Work required:
Your answer must be the exact lines from the one with "WorldSPB 2026 - Στο" to the end of the data, both included, with no pictures.

Dataset extract:
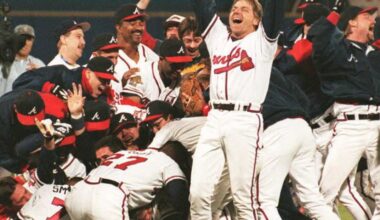 This Day in Braves History: Atlanta wins their first World Series title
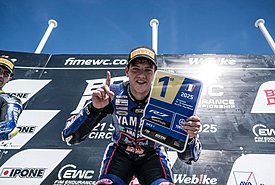 WorldSPB 2026 - Στο παγκόσμιο με Aprilia ο Γιάννης Περιστεράς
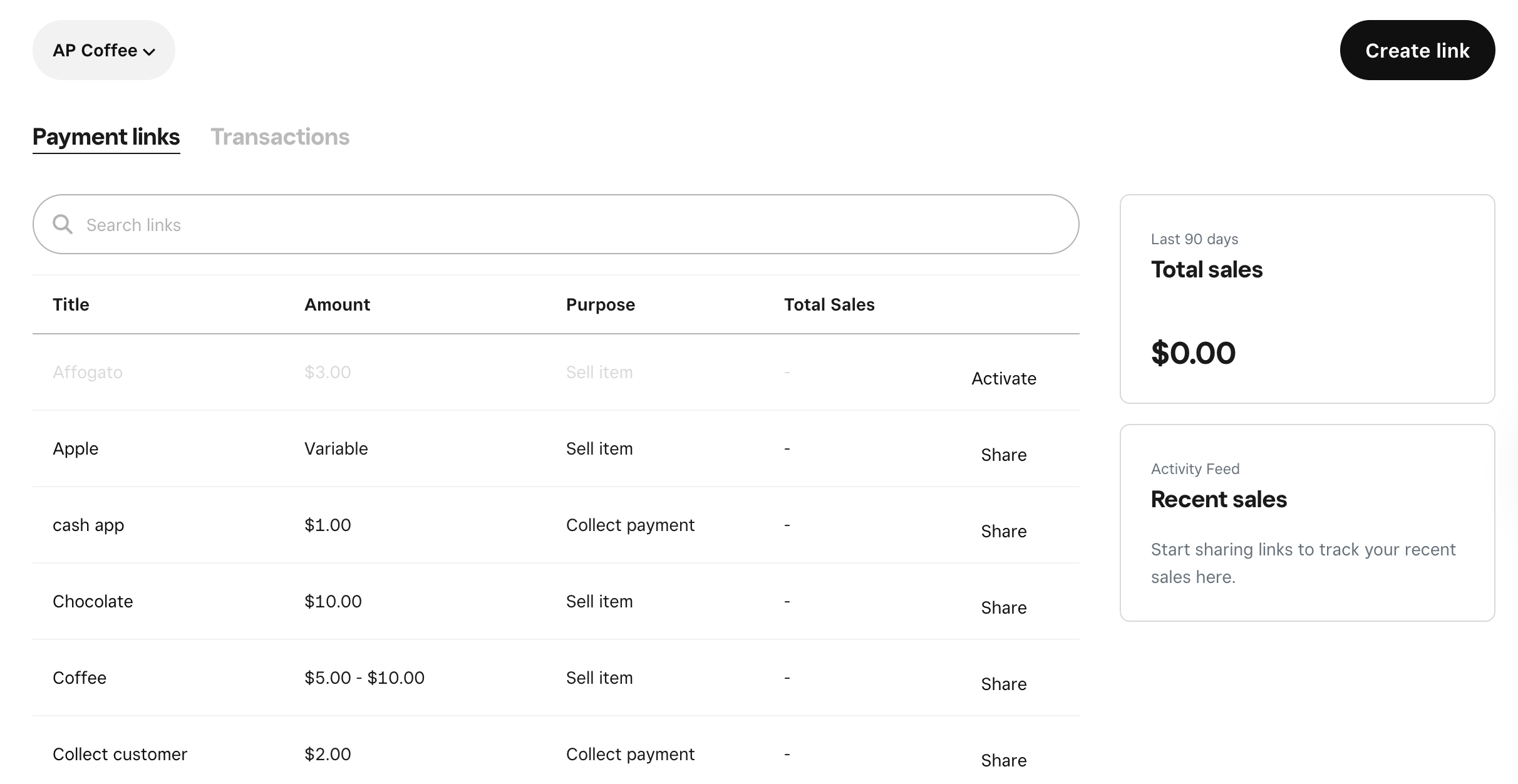 Why did SQUARE get rid of payment links on the ite... - The Square ...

Your solution:
 WorldSPB 2026 - Στο παγκόσμιο με Aprilia ο Γιάννης Περιστεράς
 Why did SQUARE get rid of payment links on the ite... - The Square ...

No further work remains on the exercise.